## Action item
Below are the records. How many of their lines contain "Shiny"? Give only the number.

## Source records
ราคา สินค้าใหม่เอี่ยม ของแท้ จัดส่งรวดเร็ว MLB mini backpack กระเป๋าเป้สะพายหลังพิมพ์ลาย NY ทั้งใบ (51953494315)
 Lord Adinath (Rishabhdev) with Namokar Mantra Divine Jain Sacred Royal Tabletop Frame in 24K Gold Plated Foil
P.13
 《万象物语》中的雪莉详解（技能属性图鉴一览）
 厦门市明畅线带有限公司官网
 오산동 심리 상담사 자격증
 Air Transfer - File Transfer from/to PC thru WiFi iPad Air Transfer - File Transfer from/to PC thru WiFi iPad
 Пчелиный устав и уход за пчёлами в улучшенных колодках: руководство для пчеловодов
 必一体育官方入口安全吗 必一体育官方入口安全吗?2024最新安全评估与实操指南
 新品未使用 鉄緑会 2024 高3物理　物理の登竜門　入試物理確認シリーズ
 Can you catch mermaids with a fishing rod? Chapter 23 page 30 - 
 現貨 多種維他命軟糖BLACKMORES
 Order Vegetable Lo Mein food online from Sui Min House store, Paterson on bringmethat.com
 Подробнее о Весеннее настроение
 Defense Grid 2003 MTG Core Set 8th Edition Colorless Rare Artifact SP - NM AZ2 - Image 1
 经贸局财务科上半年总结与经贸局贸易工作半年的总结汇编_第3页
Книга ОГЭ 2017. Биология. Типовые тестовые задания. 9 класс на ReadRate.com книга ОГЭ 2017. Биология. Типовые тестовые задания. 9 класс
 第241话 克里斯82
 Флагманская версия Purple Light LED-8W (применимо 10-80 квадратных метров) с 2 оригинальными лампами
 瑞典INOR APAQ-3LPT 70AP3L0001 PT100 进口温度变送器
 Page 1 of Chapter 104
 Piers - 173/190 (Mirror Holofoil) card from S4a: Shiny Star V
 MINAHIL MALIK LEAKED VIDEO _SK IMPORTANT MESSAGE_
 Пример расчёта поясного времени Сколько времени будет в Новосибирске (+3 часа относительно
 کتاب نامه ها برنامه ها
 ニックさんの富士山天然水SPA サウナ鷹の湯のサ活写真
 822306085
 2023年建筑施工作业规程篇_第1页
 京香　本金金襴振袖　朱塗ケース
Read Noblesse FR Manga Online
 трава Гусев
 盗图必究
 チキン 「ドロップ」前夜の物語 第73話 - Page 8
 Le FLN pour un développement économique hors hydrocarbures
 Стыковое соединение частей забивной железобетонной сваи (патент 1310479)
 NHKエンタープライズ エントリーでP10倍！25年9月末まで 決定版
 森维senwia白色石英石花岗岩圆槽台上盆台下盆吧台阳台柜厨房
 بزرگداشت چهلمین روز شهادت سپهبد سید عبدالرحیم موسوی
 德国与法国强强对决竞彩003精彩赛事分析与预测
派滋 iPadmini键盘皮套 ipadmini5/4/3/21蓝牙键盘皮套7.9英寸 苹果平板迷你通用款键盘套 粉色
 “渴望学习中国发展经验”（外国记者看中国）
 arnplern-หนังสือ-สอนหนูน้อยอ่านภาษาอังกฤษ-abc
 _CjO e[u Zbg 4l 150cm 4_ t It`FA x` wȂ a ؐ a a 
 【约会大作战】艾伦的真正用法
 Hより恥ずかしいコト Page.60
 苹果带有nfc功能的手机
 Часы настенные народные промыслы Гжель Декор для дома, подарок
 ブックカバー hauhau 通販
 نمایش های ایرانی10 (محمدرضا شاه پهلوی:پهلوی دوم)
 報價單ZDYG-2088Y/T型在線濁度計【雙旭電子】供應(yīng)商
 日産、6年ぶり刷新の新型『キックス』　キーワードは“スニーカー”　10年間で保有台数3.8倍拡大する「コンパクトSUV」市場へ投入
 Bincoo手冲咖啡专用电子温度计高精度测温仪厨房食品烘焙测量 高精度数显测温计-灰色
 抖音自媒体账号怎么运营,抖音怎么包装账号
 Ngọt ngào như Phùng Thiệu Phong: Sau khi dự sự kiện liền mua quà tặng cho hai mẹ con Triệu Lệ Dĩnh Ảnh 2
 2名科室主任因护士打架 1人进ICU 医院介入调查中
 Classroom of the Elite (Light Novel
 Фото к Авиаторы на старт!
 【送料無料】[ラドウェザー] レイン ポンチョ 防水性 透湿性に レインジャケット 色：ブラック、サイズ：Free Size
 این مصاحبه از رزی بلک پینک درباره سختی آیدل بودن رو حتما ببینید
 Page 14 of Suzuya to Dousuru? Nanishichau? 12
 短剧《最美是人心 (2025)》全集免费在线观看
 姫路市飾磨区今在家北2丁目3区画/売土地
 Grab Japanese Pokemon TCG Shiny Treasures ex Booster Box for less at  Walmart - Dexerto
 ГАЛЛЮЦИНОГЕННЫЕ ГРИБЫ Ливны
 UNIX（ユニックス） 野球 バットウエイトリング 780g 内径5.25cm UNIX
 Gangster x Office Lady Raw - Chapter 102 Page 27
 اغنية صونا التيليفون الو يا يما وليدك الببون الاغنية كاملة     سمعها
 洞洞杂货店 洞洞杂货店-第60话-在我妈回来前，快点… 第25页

## Response to this task
2